Menaces sur le modèle sénégalais (Editorial)

Soupçonné d’envisager une troisième candidature à la présidentielle, contre l’esprit de la Constitution, Macky Sall est pourtant bien placé pour évaluer les risques d’une telle entreprise, alors que domine au Sénégal le sentiment de l’affaiblissement des institutions démocratiques et des personnalités qui l’incarnent.

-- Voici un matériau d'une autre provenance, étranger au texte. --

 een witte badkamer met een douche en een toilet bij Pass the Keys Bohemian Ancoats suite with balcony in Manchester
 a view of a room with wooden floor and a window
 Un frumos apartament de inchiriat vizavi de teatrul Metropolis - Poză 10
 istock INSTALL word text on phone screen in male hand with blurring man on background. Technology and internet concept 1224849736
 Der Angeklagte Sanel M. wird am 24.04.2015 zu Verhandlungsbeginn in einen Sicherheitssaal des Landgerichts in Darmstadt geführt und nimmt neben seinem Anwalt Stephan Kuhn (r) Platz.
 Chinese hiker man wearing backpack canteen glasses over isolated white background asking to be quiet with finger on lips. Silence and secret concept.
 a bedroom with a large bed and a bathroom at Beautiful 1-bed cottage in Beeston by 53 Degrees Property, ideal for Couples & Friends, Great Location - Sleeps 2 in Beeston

Le président du Sénégal, Macky Sall, joue-t-il avec un feu qui risque d’embraser la rue s’il va jusqu’au bout de l’intention que beaucoup lui prêtent, briguer un troisième mandat présidentiel en février 2024 ? Légalement, il semble qu’il puisse le faire. La Constitution prévoit certes que « nul ne peut exercer plus de deux mandats consécutifs ». Mais le ministre de la justice a, lui, déjà tranché en affirmant que « le premier mandat est celui allant de 2019 à 2024 ». Selon lui, la révision constitutionnelle de 2016 a remis les compteurs à zéro et donc « effacé » la première élection de M. Sall, en 2012.

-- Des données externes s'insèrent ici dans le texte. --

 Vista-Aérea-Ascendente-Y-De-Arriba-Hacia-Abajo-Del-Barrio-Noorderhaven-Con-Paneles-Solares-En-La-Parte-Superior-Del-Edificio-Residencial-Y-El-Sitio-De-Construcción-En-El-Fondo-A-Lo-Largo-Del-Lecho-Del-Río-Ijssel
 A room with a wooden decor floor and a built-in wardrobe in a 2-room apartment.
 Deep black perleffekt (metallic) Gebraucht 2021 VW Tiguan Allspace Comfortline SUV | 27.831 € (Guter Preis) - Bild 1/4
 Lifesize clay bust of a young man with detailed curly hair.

La question déborde du débat feutré de constitutionnalistes. Les opposants au troisième mandat rappellent que le président Macky Sall s’était engagé, il y a plusieurs mois, à s’arrêter là où il en est. Depuis, il entretient une ambiguïté qui accrédite chaque jour davantage le scénario d’une nouvelle candidature. D’autant que les structures de la coalition présidentielle, Benno Bokk Yakaar (BBY), multiplient les manifestations « spontanées » de soutien à leur champion.

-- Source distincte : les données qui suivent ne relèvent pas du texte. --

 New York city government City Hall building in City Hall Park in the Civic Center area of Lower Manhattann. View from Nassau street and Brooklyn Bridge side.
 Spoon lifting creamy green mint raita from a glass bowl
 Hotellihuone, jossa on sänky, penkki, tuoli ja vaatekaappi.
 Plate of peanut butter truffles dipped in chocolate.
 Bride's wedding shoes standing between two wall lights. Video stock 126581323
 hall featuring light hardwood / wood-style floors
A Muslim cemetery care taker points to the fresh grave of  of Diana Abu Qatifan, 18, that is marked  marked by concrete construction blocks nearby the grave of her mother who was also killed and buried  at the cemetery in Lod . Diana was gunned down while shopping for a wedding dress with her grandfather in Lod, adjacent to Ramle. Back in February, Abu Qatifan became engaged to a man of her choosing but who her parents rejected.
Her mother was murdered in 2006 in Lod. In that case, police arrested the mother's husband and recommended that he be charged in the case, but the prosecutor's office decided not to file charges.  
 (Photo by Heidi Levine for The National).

Le président Sall est pourtant bien placé pour évaluer les risques d’une telle entreprise. En 2012, il avait été élu en surfant habilement sur un large mouvement de rejet d’Abdoulaye Wade, qui avait écrit le même scénario : modification constitutionnelle, soustraction d’un de ses mandats, puis nouvelle candidature. Cette aventure avait déclenché des manifestations monstres, violemment réprimées. In fine, le « tout sauf Wade » l’avait emporté, au bénéfice de l’actuel chef de l’Etat.

Accusé d’instrumentaliser la justice

Comme son prédécesseur, Macky Sall souffre de l’usure du temps passé aux affaires. Soupçonné de vouloir aller contre l’esprit de la Constitution, il est accusé aussi par ses opposants d’instrumentaliser la justice à des fins politiques. De fait, de façon troublante, ses rivaux principaux ne peuvent ou risquent de ne pouvoir se présenter au scrutin de 2024. C’est le cas de l’ancien maire de Dakar, Khalifa Sall, condamné en 2018 pour détournement de fonds ; de Karim Wade, le fils de l’ancien président, exilé au Qatar après avoir été jugé en 2015 pour enrichissement illicite.

Dernier en date à subir les foudres des tribunaux, Ousmane Sonko a été condamné, lundi 8 mai, à six mois de prison avec sursis pour diffamation et injure publique. Il risque l’inéligibilité. A la différence des deux autres opposants, le maire de Ziguinchor, populaire auprès d’une jeunesse désœuvrée, agite la menace de la rue pour défendre son rêve présidentiel.

Qui peut tenter de calmer le jeu ? Sur le plan régional, l’autorité morale de la Communauté économique des Etats d’Afrique de l’Ouest (Cedeao) est à genoux, fauchée par les entorses démocratiques d’une partie de ses membres : coups d’Etat militaires au Mali, au Burkina Faso et en Guinée, troisième mandat controversé d’Alassane Ouattara en Côte d’Ivoire. La France, l’ancienne puissance coloniale, reste en retrait et les Etats-Unis semblent jouer la carte de la continuité.

Que les poursuites judiciaires contre les uns et les autres soient justifiées ou non importe peu aux opposants et à une grande partie de l’opinion publique qui dénoncent une justice sélective. Ce sentiment traduit l’affaiblissement des institutions démocratiques sénégalaises et des personnalités qui l’incarnent. Au premier rang desquelles figure Macky Sall, qui devrait pourtant être le garant de la stabilité de ce pays si prompt à vanter son modèle démocratique.